• [What the task requires] Output the number of lines in the entries below with the string "lysates" in them, and nothing further.

• [Provided records]
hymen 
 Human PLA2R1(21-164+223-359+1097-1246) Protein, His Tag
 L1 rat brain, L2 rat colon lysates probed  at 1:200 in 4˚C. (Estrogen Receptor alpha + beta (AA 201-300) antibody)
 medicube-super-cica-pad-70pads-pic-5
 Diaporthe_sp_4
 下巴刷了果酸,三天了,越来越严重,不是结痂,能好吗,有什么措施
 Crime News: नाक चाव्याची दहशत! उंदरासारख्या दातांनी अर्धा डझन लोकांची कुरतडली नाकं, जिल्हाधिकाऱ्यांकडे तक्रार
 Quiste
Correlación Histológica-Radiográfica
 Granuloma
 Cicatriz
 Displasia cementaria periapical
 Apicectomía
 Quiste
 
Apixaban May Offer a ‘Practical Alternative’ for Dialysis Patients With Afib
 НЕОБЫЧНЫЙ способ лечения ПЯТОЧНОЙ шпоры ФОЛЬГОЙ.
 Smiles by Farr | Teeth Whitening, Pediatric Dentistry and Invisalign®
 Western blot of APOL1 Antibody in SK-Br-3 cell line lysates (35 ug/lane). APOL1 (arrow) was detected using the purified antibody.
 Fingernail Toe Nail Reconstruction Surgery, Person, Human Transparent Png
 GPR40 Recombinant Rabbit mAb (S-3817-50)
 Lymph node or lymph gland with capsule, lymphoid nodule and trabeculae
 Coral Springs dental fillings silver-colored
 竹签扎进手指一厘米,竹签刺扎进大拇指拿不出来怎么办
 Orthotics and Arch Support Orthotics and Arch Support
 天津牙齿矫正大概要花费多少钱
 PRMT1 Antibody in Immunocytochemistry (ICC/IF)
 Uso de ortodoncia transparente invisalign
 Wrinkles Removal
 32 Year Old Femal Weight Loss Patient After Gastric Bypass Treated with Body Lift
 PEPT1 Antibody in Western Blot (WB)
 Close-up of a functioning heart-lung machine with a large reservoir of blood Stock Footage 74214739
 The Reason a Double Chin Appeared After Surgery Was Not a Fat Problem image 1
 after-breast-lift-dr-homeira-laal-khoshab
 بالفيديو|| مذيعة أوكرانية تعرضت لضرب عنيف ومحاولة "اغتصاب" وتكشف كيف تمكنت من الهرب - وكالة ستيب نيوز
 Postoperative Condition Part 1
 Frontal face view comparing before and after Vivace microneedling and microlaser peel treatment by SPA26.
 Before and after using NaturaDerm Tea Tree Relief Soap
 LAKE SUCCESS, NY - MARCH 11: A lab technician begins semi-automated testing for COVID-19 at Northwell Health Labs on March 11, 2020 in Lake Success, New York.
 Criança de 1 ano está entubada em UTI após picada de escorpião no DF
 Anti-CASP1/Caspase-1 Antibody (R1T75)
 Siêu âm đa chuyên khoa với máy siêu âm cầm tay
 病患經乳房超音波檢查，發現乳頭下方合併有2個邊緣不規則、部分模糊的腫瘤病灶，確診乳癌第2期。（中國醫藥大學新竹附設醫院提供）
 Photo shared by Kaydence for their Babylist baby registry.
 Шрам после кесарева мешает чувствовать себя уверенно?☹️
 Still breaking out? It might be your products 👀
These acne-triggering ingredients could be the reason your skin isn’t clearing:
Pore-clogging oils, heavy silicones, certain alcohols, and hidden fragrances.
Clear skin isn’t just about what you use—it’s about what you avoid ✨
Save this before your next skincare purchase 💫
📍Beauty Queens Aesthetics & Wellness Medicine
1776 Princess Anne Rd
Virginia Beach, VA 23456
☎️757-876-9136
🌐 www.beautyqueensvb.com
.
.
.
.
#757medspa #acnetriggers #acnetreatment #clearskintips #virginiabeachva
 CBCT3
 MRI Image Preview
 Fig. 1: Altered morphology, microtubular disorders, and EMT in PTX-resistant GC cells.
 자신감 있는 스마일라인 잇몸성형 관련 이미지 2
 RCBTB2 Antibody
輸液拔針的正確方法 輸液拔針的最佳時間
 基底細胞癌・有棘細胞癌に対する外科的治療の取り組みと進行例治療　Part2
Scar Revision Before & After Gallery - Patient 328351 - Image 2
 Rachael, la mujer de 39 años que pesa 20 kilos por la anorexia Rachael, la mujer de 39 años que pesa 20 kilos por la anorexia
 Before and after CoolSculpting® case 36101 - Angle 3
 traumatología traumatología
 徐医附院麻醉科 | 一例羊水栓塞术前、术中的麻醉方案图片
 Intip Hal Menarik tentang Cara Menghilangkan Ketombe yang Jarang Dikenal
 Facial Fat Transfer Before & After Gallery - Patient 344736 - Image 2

• [Result of the exercise] 2